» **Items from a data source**
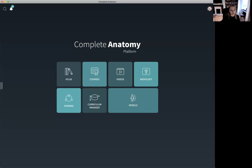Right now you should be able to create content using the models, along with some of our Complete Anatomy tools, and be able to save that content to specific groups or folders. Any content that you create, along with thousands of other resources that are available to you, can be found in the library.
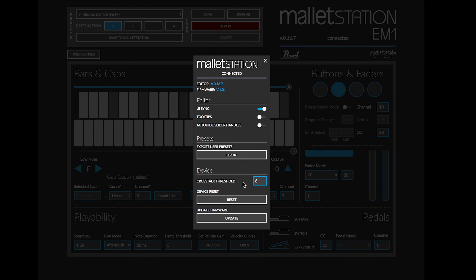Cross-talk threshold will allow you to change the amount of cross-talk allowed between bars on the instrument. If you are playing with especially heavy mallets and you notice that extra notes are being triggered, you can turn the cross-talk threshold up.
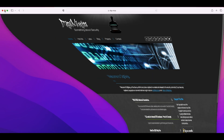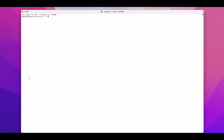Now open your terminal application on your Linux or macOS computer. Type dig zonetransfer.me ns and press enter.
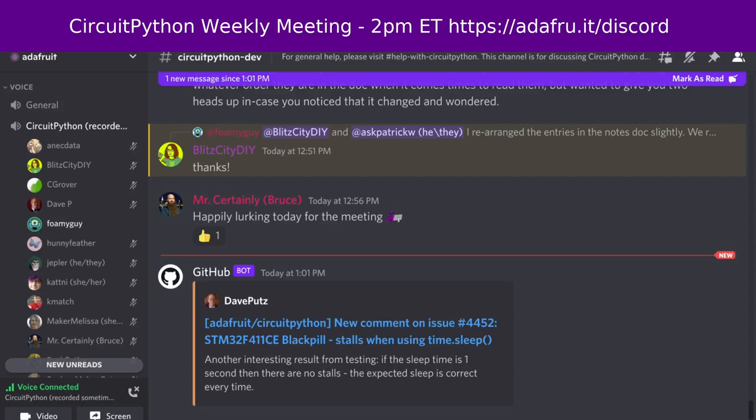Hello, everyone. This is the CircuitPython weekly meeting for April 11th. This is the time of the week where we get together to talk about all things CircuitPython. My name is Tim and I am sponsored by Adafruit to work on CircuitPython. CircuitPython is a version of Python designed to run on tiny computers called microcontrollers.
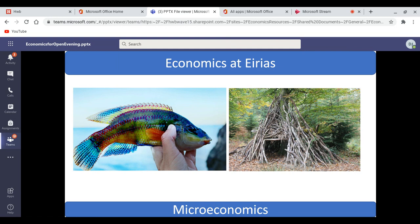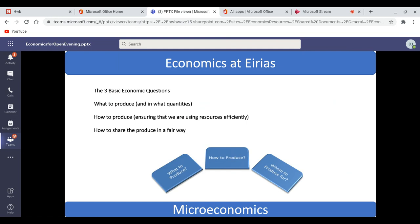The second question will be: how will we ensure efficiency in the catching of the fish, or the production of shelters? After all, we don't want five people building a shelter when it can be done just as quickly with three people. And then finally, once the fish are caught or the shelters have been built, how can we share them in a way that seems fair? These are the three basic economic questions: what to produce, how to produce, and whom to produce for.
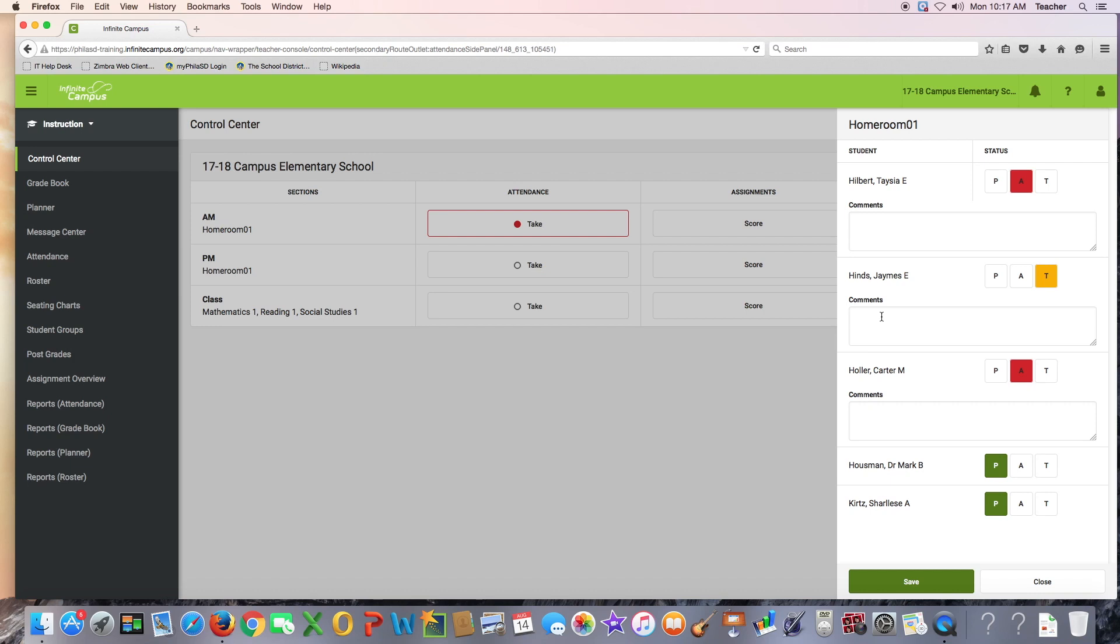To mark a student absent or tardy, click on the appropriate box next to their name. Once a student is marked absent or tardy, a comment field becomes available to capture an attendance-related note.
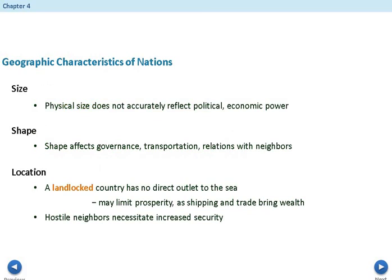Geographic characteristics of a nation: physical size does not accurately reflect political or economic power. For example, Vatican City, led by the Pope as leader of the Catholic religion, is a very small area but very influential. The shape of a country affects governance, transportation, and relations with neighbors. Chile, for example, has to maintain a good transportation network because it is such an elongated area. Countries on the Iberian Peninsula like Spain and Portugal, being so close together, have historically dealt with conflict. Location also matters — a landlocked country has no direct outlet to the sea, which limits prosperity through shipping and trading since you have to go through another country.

» **What you need to do**
Nothing but the lines above from the line with "Cross-talk threshold will" up to and including the line with "Hello, everyone. This" should be returned, exactly as written and without pictures.

» **Response to this exercise**
Cross-talk threshold will allow you to change the amount of cross-talk allowed between bars on the instrument. If you are playing with especially heavy mallets and you notice that extra notes are being triggered, you can turn the cross-talk threshold up.
Now open your terminal application on your Linux or macOS computer. Type dig zonetransfer.me ns and press enter.
Hello, everyone. This is the CircuitPython weekly meeting for April 11th. This is the time of the week where we get together to talk about all things CircuitPython. My name is Tim and I am sponsored by Adafruit to work on CircuitPython. CircuitPython is a version of Python designed to run on tiny computers called microcontrollers.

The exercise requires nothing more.